También era importante para él la fe en la vida eterna con Dios, que lo llevaba a relativizar muchas cosas de “acá”, pero sin sentirse por ello exento de la solidaridad fundamental con todos: “¿Acaso el cristiano ha logrado la fe para verse inmune de los males?”. Al contrario, es aquí donde se siente llamado a acreditarse como creyente: “cuando la enfermedad, la debilidad y la peste hacen estragos, entonces es cuando se pone en práctica nuestra fortaleza y la fe recibe su corona”.
“¿Acaso el cristiano ha logrado la fe para verse inmune de los males?”, pregunta Cipriano.
Consideraba esa coyuntura por demás útil para descubrir lo más hondo del corazón: “Qué oportuna y necesaria es esta epidemia y esta peste, que nos parece terrible y mortal, para poner a prueba la rectitud de cada uno y discernir las intenciones de las personas”.
En buen criollo: “¡En la pista se ven los pingos!”
Una paciencia que brota de la fe
Una fe concreta que se expresa tal como les hablaba casi 1600 años después Don Bosco a los suyos, cuando en 1875 los invitaba a estar dispuestos a “soportar el calor y el frío, la sed y el hambre, el cansancio y el desprecio, siempre que se trate de la gloria de Dios y de las almas”. Porque Cipriano estimaba que la paciencia que brota de la fe mueve a “no murmurar en las adversidades, sino a llevar con fortaleza y resignación los avatares del mundo… lo que nos sucede”.

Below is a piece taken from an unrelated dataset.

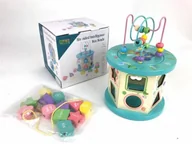 Zabawki interaktywne dla dzieci - Sorter edukacyjny drewniany - miniaturka - grafika 1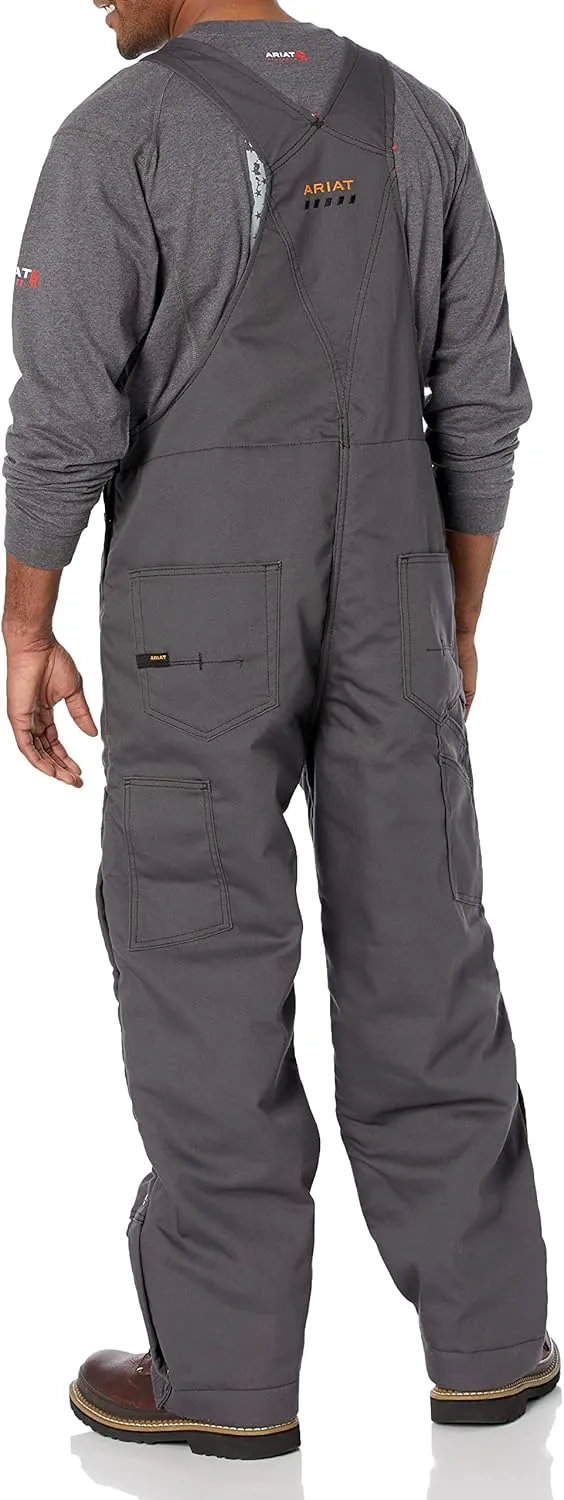 ARIAT Men's Rebar Duracanvas Stretch Insulated Bib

Y con similar sabiduría y practicidad creyentes, el pastor de Turín decía a los jóvenes: “He aquí, los remedios que propongo, (…) son casi los mismos prescriptos por los médicos: sobriedad, templanza, tranquilidad de espíritu y entereza. Pero, ¿cómo podrá tener tranquilidad de espíritu y entereza el que vive en pecado mortal, el que no está en gracia de Dios? (…) Pongámonos en manos de María con alma y cuerpo”, y les recomendaba encarecidamente la vida sacramental de la Penitencia y la Eucaristía.
¿Santos sin Dios?
Además de arremangarnos y enfrentar el momento presente con la audacia e inventiva de Don Bosco y Cipriano, quizás no nos haga mal “conversar” con ellos sobre lo que todo esto puede decirnos a nuestra fe comunitaria y personal.

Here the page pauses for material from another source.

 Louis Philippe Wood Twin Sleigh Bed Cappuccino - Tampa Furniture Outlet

Y, sí, porque “puede llegarse a ser un santo sin Dios; ese es el único problema concreto que veo hoy en día”, le hace decir Albert Camus a uno de sus personajes en la famosa novela La peste (1947), inspirada también en una epidemia de cólera en el norte de África del año 1849, poco antes de la de tiempos de Don Bosco.
Sí, sería bueno no sólo “gestionar” la crisis actual de la manera más eficiente posible, sino saber hacer de ella una ocasión propicia para nuestra fe y, como Don Bosco y Cipriano, ayudar también a otros a vivir y profundizar nuestro caminar con Dios.